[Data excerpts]
====
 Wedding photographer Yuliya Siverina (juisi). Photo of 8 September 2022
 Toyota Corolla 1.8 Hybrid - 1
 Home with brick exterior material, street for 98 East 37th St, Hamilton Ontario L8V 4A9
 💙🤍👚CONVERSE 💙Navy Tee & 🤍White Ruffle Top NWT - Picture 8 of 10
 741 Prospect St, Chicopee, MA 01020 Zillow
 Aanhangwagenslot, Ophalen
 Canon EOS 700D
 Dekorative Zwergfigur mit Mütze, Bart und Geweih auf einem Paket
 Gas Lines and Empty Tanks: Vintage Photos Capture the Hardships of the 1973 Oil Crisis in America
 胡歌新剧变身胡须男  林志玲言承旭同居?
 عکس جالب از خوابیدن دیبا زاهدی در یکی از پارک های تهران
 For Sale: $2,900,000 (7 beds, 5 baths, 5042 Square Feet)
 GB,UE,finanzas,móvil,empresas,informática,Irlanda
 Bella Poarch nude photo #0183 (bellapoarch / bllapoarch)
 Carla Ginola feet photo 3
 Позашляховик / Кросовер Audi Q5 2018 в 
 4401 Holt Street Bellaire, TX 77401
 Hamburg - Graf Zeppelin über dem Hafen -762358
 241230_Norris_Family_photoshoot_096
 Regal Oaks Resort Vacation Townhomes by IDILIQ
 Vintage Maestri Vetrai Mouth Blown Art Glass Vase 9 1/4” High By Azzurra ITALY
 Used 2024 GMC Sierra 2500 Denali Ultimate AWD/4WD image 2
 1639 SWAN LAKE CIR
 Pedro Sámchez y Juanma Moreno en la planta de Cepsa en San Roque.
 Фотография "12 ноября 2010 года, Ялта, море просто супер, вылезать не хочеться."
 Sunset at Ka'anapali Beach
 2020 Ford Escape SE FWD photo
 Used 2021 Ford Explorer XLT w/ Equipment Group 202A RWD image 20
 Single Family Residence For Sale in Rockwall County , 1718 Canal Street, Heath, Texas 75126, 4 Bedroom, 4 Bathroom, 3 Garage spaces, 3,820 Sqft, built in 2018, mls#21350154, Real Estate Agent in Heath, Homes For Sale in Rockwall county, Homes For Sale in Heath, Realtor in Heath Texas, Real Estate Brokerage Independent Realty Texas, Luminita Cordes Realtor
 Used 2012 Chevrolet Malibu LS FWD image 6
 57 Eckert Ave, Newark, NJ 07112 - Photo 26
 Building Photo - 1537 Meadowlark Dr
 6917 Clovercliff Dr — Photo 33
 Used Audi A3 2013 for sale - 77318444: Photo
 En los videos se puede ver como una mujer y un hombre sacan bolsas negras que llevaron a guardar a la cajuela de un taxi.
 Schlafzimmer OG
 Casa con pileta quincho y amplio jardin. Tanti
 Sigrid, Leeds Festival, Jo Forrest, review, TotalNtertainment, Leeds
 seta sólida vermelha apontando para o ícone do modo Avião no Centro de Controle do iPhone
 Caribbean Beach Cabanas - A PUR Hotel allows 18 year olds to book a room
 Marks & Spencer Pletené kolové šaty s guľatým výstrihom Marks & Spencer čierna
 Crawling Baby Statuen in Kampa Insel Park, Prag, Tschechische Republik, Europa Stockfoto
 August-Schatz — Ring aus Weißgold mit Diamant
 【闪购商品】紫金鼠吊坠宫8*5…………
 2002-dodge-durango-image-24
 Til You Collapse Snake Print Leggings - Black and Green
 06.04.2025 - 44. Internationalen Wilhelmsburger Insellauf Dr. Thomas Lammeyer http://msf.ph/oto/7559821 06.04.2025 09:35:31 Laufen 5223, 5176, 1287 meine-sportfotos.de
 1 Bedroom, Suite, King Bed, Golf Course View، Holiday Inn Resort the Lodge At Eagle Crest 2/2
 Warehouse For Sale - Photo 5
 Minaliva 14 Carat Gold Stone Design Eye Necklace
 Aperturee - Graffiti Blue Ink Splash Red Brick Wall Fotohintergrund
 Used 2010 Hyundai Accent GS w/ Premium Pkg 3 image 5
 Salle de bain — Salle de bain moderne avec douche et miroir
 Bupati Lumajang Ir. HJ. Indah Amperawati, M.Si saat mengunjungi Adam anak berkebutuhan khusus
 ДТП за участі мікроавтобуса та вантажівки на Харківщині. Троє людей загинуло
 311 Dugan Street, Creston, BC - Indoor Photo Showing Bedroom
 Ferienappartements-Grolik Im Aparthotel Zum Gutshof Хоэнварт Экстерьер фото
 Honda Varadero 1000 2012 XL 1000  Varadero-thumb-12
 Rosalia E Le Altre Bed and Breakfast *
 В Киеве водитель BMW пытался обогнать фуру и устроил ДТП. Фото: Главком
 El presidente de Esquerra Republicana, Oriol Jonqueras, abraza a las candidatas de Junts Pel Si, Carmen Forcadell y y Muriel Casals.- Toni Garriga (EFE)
====
**Required action**
Having read the entries above, restate them all word for word.

**Answer to this exercise**
 Wedding photographer Yuliya Siverina (juisi). Photo of 8 September 2022
 Toyota Corolla 1.8 Hybrid - 1
 Home with brick exterior material, street for 98 East 37th St, Hamilton Ontario L8V 4A9
 💙🤍👚CONVERSE 💙Navy Tee & 🤍White Ruffle Top NWT - Picture 8 of 10
 741 Prospect St, Chicopee, MA 01020 Zillow
 Aanhangwagenslot, Ophalen
 Canon EOS 700D
 Dekorative Zwergfigur mit Mütze, Bart und Geweih auf einem Paket
 Gas Lines and Empty Tanks: Vintage Photos Capture the Hardships of the 1973 Oil Crisis in America
 胡歌新剧变身胡须男  林志玲言承旭同居?
 عکس جالب از خوابیدن دیبا زاهدی در یکی از پارک های تهران
 For Sale: $2,900,000 (7 beds, 5 baths, 5042 Square Feet)
 GB,UE,finanzas,móvil,empresas,informática,Irlanda
 Bella Poarch nude photo #0183 (bellapoarch / bllapoarch)
 Carla Ginola feet photo 3
 Позашляховик / Кросовер Audi Q5 2018 в 
 4401 Holt Street Bellaire, TX 77401
 Hamburg - Graf Zeppelin über dem Hafen -762358
 241230_Norris_Family_photoshoot_096
 Regal Oaks Resort Vacation Townhomes by IDILIQ
 Vintage Maestri Vetrai Mouth Blown Art Glass Vase 9 1/4” High By Azzurra ITALY
 Used 2024 GMC Sierra 2500 Denali Ultimate AWD/4WD image 2
 1639 SWAN LAKE CIR
 Pedro Sámchez y Juanma Moreno en la planta de Cepsa en San Roque.
 Фотография "12 ноября 2010 года, Ялта, море просто супер, вылезать не хочеться."
 Sunset at Ka'anapali Beach
 2020 Ford Escape SE FWD photo
 Used 2021 Ford Explorer XLT w/ Equipment Group 202A RWD image 20
 Single Family Residence For Sale in Rockwall County , 1718 Canal Street, Heath, Texas 75126, 4 Bedroom, 4 Bathroom, 3 Garage spaces, 3,820 Sqft, built in 2018, mls#21350154, Real Estate Agent in Heath, Homes For Sale in Rockwall county, Homes For Sale in Heath, Realtor in Heath Texas, Real Estate Brokerage Independent Realty Texas, Luminita Cordes Realtor
 Used 2012 Chevrolet Malibu LS FWD image 6
 57 Eckert Ave, Newark, NJ 07112 - Photo 26
 Building Photo - 1537 Meadowlark Dr
 6917 Clovercliff Dr — Photo 33
 Used Audi A3 2013 for sale - 77318444: Photo
 En los videos se puede ver como una mujer y un hombre sacan bolsas negras que llevaron a guardar a la cajuela de un taxi.
 Schlafzimmer OG
 Casa con pileta quincho y amplio jardin. Tanti
 Sigrid, Leeds Festival, Jo Forrest, review, TotalNtertainment, Leeds
 seta sólida vermelha apontando para o ícone do modo Avião no Centro de Controle do iPhone
 Caribbean Beach Cabanas - A PUR Hotel allows 18 year olds to book a room
 Marks & Spencer Pletené kolové šaty s guľatým výstrihom Marks & Spencer čierna
 Crawling Baby Statuen in Kampa Insel Park, Prag, Tschechische Republik, Europa Stockfoto
 August-Schatz — Ring aus Weißgold mit Diamant
 【闪购商品】紫金鼠吊坠宫8*5…………
 2002-dodge-durango-image-24
 Til You Collapse Snake Print Leggings - Black and Green
 06.04.2025 - 44. Internationalen Wilhelmsburger Insellauf Dr. Thomas Lammeyer http://msf.ph/oto/7559821 06.04.2025 09:35:31 Laufen 5223, 5176, 1287 meine-sportfotos.de
 1 Bedroom, Suite, King Bed, Golf Course View، Holiday Inn Resort the Lodge At Eagle Crest 2/2
 Warehouse For Sale - Photo 5
 Minaliva 14 Carat Gold Stone Design Eye Necklace
 Aperturee - Graffiti Blue Ink Splash Red Brick Wall Fotohintergrund
 Used 2010 Hyundai Accent GS w/ Premium Pkg 3 image 5
 Salle de bain — Salle de bain moderne avec douche et miroir
 Bupati Lumajang Ir. HJ. Indah Amperawati, M.Si saat mengunjungi Adam anak berkebutuhan khusus
 ДТП за участі мікроавтобуса та вантажівки на Харківщині. Троє людей загинуло
 311 Dugan Street, Creston, BC - Indoor Photo Showing Bedroom
 Ferienappartements-Grolik Im Aparthotel Zum Gutshof Хоэнварт Экстерьер фото
 Honda Varadero 1000 2012 XL 1000  Varadero-thumb-12
 Rosalia E Le Altre Bed and Breakfast *
 В Киеве водитель BMW пытался обогнать фуру и устроил ДТП. Фото: Главком
 El presidente de Esquerra Republicana, Oriol Jonqueras, abraza a las candidatas de Junts Pel Si, Carmen Forcadell y y Muriel Casals.- Toni Garriga (EFE)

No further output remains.